Seine Kunden sind verunsichert. Genau das aber freut Jens Greve. Er betreibt eine Strombörse in Internet. „Nach der Liberalisierung des Strommarktes war klar, dass die Leute nicht mehr rechts und links wissen. Da kam uns die Idee, eine Plattform zu entwickeln, die die Entscheidung im Tarifwirrwarr der Stromanbieter erleichtern sollte“, sagt der Jungunternehmer. Er kratzte mit seinen Partnern 200.000 Mark zusammen und ging mit diesem Startkapital Anfang November unter www.stromfreiheit.de online.

„Das Internet bietet im Gegensatz zu anderen Märkten einfach noch Chancen, gute Nischenplätze zu finden“, schwärmt auch Volker Wallrafen von der Multimedia-Agentur kröger&wallrafen in Münster. Seit zwei Jahren organisiert er mit seiner Partnerin Ute Kröger Webauftritte für Unternehmen, von der Programmierung bis zur inhaltlichen Beratung. Gerade mal drei Computer und 25.000 Mark privates Startkapital standen am Anfang dieser Firma.

Dem E-Commerce gehöre die Zukunft, meinen die neuen Gurus der neuen Märkte, und auch seriöse Wirtschaftsforscher stimmen ihnen in der Regel zu. Nur lässt sie in Deutschland noch arg auf sich warten, die Zukunft. Unternehmer wie Jens Greve oder Volker Wallrafen sind immer noch eine kleine, avantgardistische Minderheit. Daran haben bislang auch Dutzende von Förderprogrammen der Länder und des Bundes nichts geändert. Vollmundig hatte die rot-grüne Bundesregierung Ende Oktober einen „Aktionsplan“ für das 21. Jahrhundert beschlossen und verkündet. Mit einem umfassenden Rahmenprogramm sollen unter anderem „innovative Existenzgründungen“ und eine für neue Informations- und Kommunikationstechniken „offene Kultur“ gefördert werden. Für das nächste Jahr ist ein „Gründerwettbewerb Multimedia“ und ein Ausbau der „Unternehmensgründungen von Frauen“ geplant. Vier Millionen Mark Steuergeld dürfen beide Projekte kosten.

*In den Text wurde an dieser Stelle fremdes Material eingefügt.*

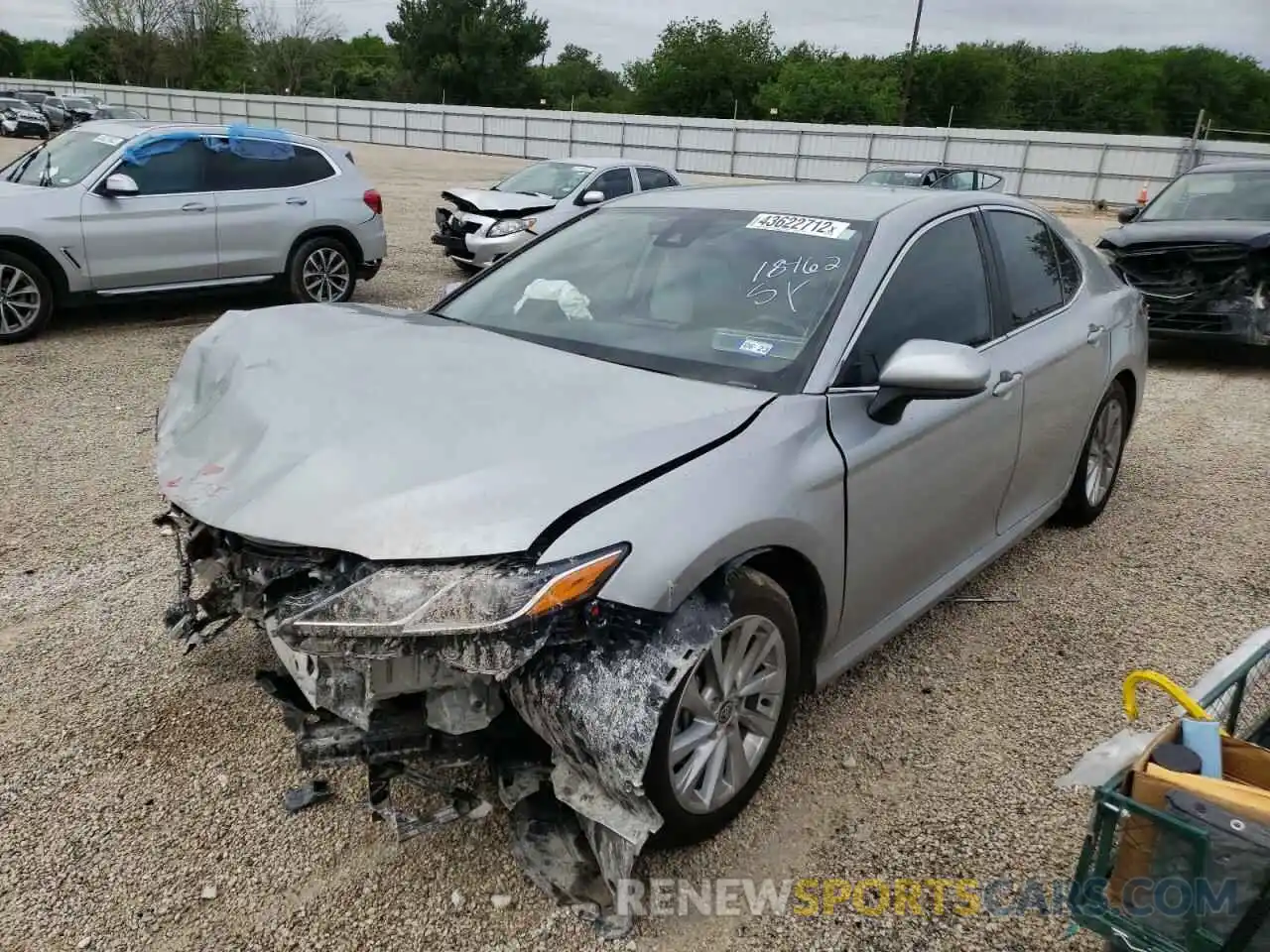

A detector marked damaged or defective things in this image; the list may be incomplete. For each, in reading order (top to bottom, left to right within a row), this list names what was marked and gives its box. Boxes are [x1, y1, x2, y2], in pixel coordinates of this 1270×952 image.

damaged silver sedan [1095, 159, 1262, 345]
black wrecked car [1095, 158, 1262, 347]
cracked hood [1103, 218, 1270, 249]
damaged nissan [1103, 159, 1270, 345]
destroyed front end [1103, 235, 1270, 345]
cracked hood [151, 303, 762, 559]
broken headlight [286, 543, 627, 639]
damaged nissan [151, 182, 1151, 932]
damaged silver sedan [157, 182, 1151, 932]
destroyed front end [153, 502, 722, 932]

Andere Angebote für Existenzgründer liegen in den zuständigen Amtsstuben schon jetzt bereit. Sie sollen helfen, Kapital und Kompetenz zu beschaffen. Aber wer sich tatsächlich an die Umsetzung seiner Geschäftsidee wagt, steht vor einem wahren Dschungel an Adressen und Vorschriften. Einen gewissen Überblick über staatliche, halbstaatliche und private Hilfen gibt die „Online-Akademie für Existenzgründer und Jungunternehmer“, die in Zusammenarbeit mit dem Bundeswirtschaftsministerium entstanden ist. Un- ter www.focus.de/existenzgruendung bietet sie eine Linksammlung zu wichtigen Fragen der Existenzgründung an. Nützliche Informationen können außerdem bei insgesamt 24 so genannten „Kompentenz-Zentren für elektronischen Geschäftsverkehr“ abgerufen werden. Die Liste ist unter www.ec-net.de einzusehen. Auch ein Blick in die „Förderdatenbank“ des Bundeswirtschaftsministeriums kann sich lohnen. Unter www.bmwi.de sind einige Links zu Angeboten aus den Bundesländern versammelt, beispielsweise zur Bayerische Beteiligungsgesellschaft (BayBG), die sich an „innovationsorientierten“ Existenzgründungen mit Summen zwischen 100.000 und 2 Millionen Mark als stille Gesellschafterin beteiligt. Wer mit weniger Geld auskommt, sollte sich eher an die Deutsche Ausgleichsbank (DtA) wenden, die maximal 50.000 Euro als Darlehen aus der Bundeskasse zur Verfügung stellt. Das sogar dann, wenn die neue Firma zunächst als Nebenerwerb geführt werden soll.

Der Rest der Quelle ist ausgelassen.